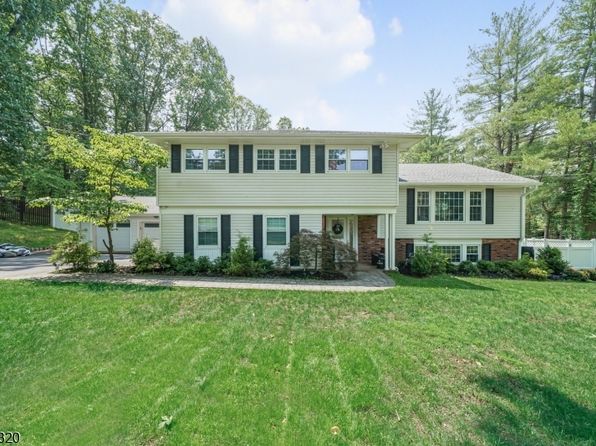16 Westminster Dr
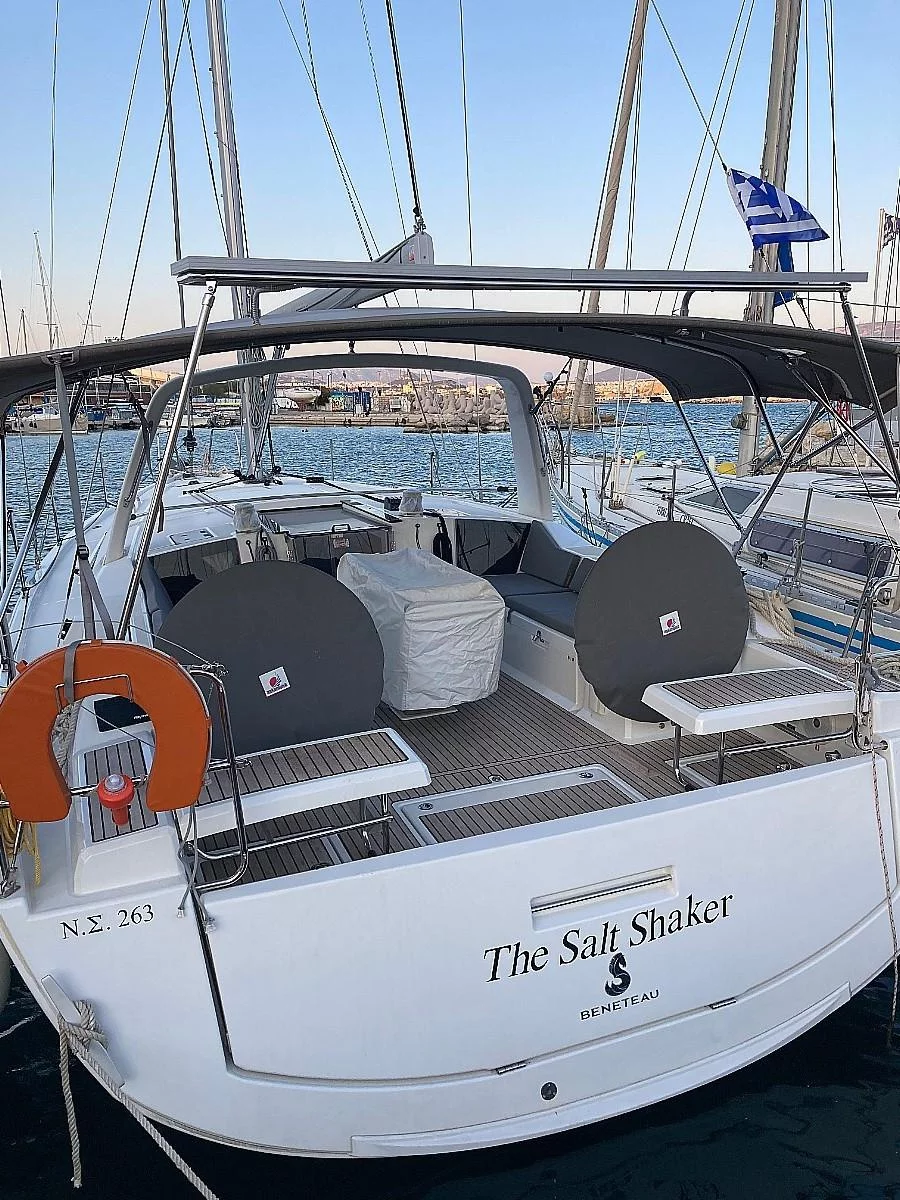 Oceanis 41.1 (Salt Shaker)  - 4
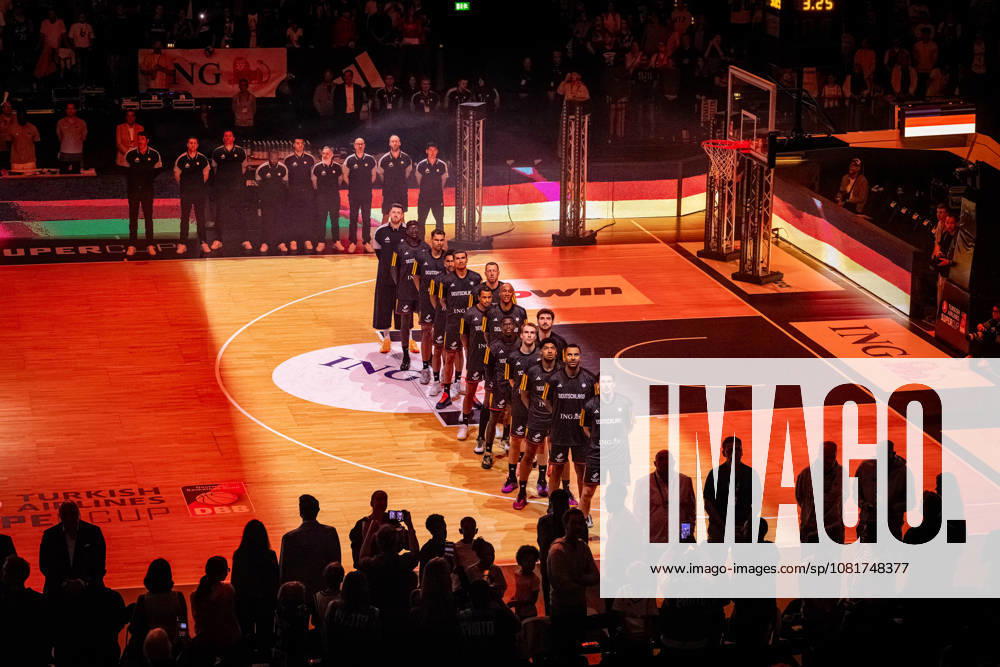 Basketball Hamburg 22.08.2026 Turkish Airlines Supercup 2026 Finale Deutschland (GER) - Kroatien (CRO) Nationalhymne Barclays Arena Hamburg Sportstätte David Krämer (Deutschland, No.44) Kraemer Kramer Johannes Thiemann (Deutschland, No.32) Kostja Mushidi (Deutschland, No.29) Malte Delow (Deutschland, No.20) Kay Patrick Bruhnke (Deutschland, No.19) Dennis Schröder Schroeder (Deutschland, No.17) Schröder Schroder Louis Olinde (Deutschland, No.16) Nelson Weidemann (Deutschland, No.11) Daniel Theis (Deutschland, No.10) Tristan Da Silva (Deutschland, No.05) Maodo Lo (Deutschland, No.04) Oscar da Silva (Deutschland, No.01) Isaac Bonga (Deutschland, No.00) Isaiah Hartenstein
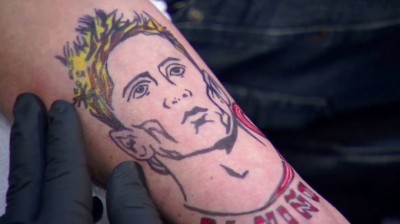 OPKLADA JE OPKLADA: Fudbaler Čelsija morao da tetovira Toresa na ruci (FOTO)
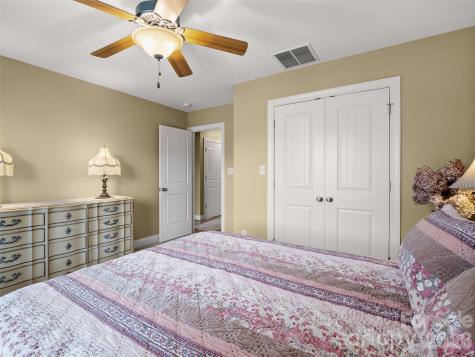 21 Jeff Drive Asheville NC 28806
========================================================================
◆ What is expected: An exact copy of every entry, minus the pictures, is what you should return.

◆ Reply:
16 Westminster Dr
 Oceanis 41.1 (Salt Shaker)  - 4
 Basketball Hamburg 22.08.2026 Turkish Airlines Supercup 2026 Finale Deutschland (GER) - Kroatien (CRO) Nationalhymne Barclays Arena Hamburg Sportstätte David Krämer (Deutschland, No.44) Kraemer Kramer Johannes Thiemann (Deutschland, No.32) Kostja Mushidi (Deutschland, No.29) Malte Delow (Deutschland, No.20) Kay Patrick Bruhnke (Deutschland, No.19) Dennis Schröder Schroeder (Deutschland, No.17) Schröder Schroder Louis Olinde (Deutschland, No.16) Nelson Weidemann (Deutschland, No.11) Daniel Theis (Deutschland, No.10) Tristan Da Silva (Deutschland, No.05) Maodo Lo (Deutschland, No.04) Oscar da Silva (Deutschland, No.01) Isaac Bonga (Deutschland, No.00) Isaiah Hartenstein
 OPKLADA JE OPKLADA: Fudbaler Čelsija morao da tetovira Toresa na ruci (FOTO)
 21 Jeff Drive Asheville NC 28806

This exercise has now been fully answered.